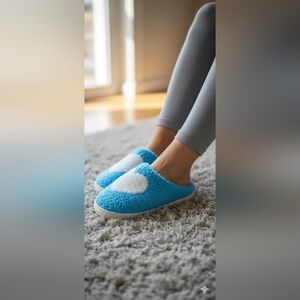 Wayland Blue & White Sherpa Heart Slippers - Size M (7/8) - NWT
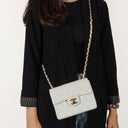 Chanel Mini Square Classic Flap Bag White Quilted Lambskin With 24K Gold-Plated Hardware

..........

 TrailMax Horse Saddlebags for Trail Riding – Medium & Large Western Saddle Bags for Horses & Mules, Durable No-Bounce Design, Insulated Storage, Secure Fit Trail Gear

..........

» ACTIVITY
Give again, exactly as written above, each line from the one that has "Wayland Blue &" to the one that has "Chanel Mini Square", both included; omit the pictures.

» WRITTEN RESPONSE
 Wayland Blue & White Sherpa Heart Slippers - Size M (7/8) - NWT
 Chanel Mini Square Classic Flap Bag White Quilted Lambskin With 24K Gold-Plated Hardware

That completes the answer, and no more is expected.